ASSIGNED TASK
An exact reproduction of the entries is needed. Keep all pictures out of it.

MATERIAL FOR THIS EXERCISE

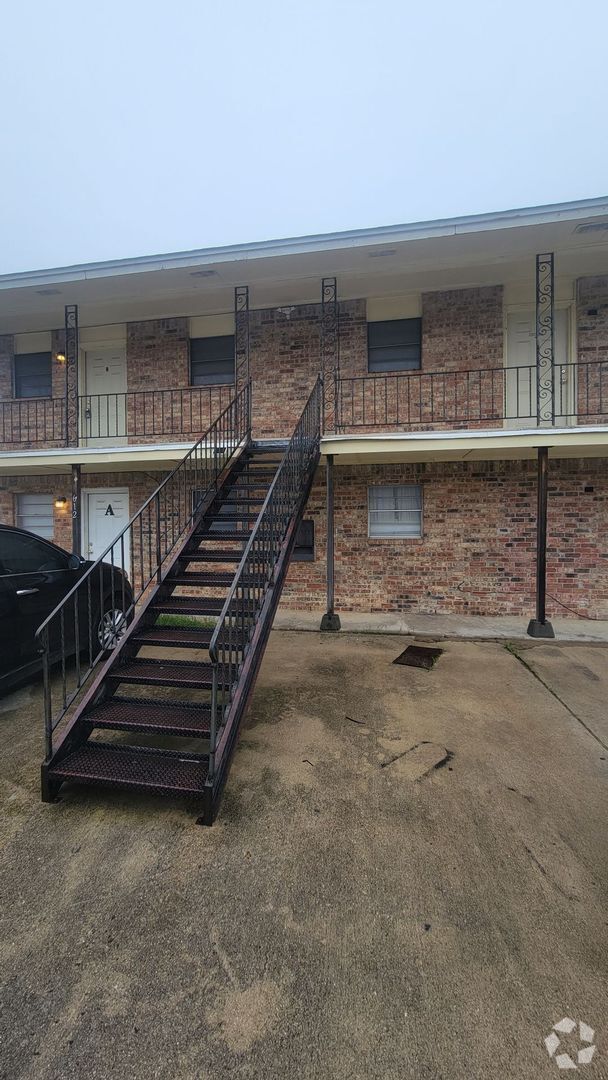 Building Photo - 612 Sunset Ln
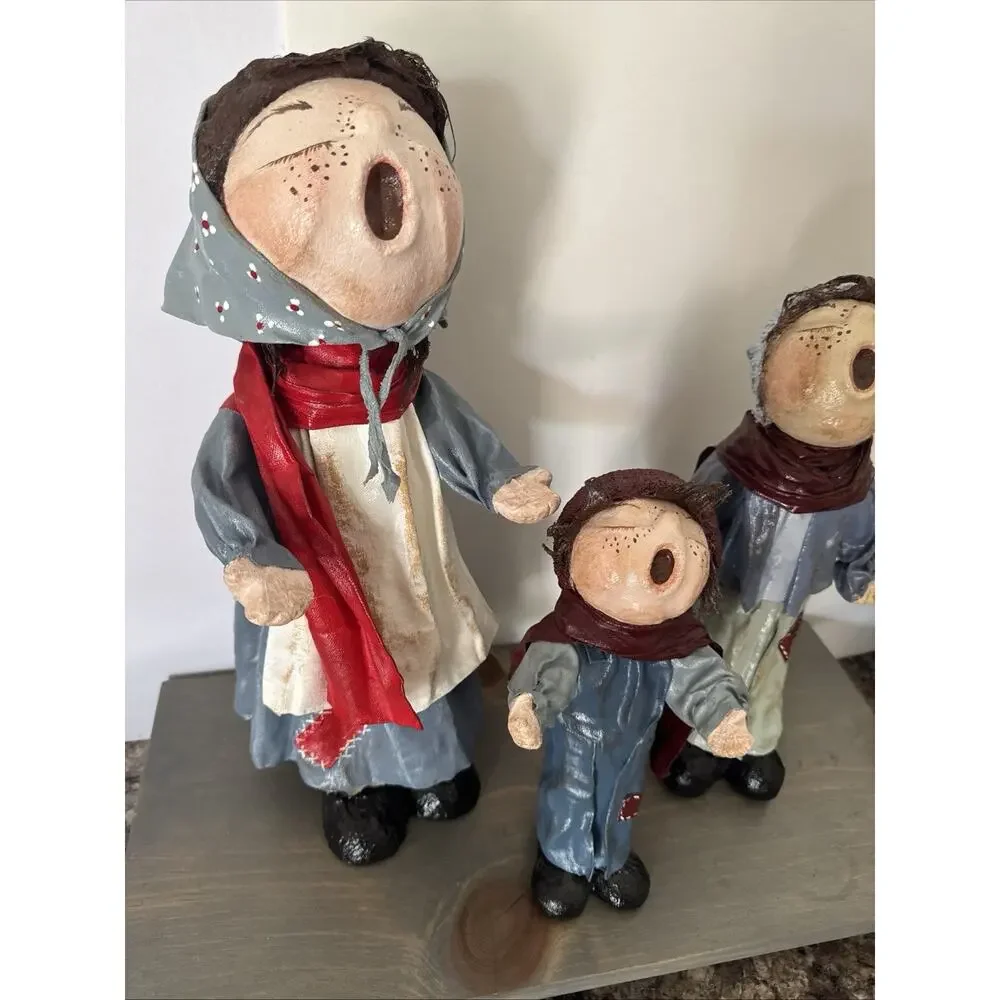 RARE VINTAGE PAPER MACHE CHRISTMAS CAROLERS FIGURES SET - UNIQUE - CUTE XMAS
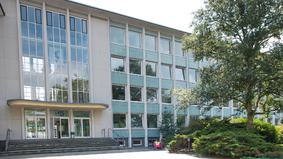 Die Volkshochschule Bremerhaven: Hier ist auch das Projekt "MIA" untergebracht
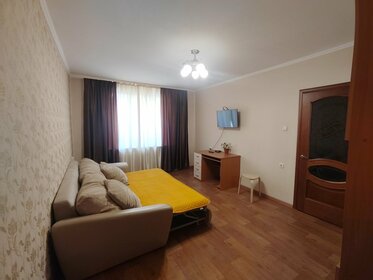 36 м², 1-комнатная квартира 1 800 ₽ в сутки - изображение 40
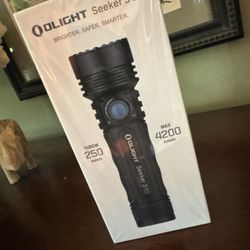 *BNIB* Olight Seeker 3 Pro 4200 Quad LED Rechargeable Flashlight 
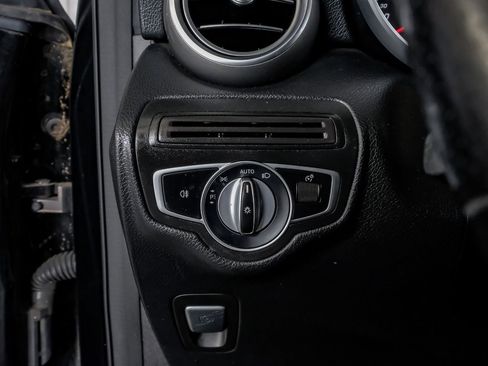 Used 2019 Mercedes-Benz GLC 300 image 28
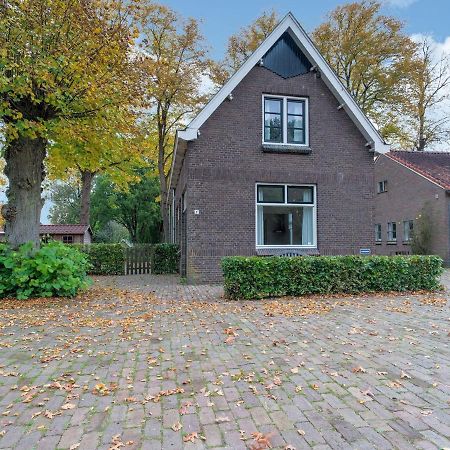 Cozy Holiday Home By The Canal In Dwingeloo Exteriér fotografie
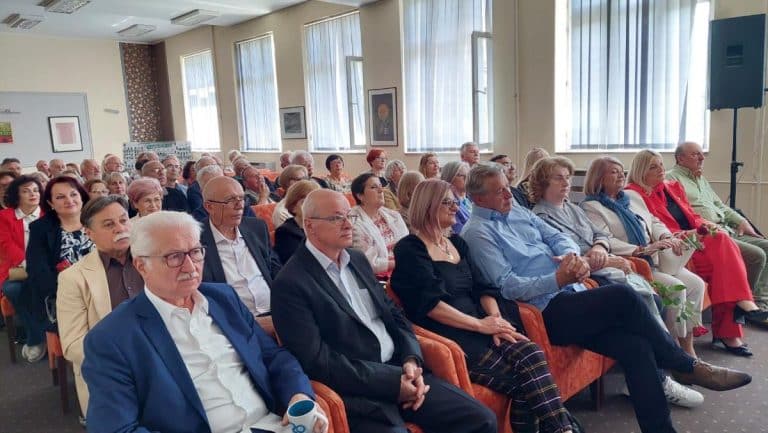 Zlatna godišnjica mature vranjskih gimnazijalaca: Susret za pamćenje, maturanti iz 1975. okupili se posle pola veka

SOLUTION
 Building Photo - 612 Sunset Ln
 RARE VINTAGE PAPER MACHE CHRISTMAS CAROLERS FIGURES SET - UNIQUE - CUTE XMAS
 Die Volkshochschule Bremerhaven: Hier ist auch das Projekt "MIA" untergebracht
 36 м², 1-комнатная квартира 1 800 ₽ в сутки - изображение 40
 *BNIB* Olight Seeker 3 Pro 4200 Quad LED Rechargeable Flashlight 
 Used 2019 Mercedes-Benz GLC 300 image 28
 Cozy Holiday Home By The Canal In Dwingeloo Exteriér fotografie
 Zlatna godišnjica mature vranjskih gimnazijalaca: Susret za pamćenje, maturanti iz 1975. okupili se posle pola veka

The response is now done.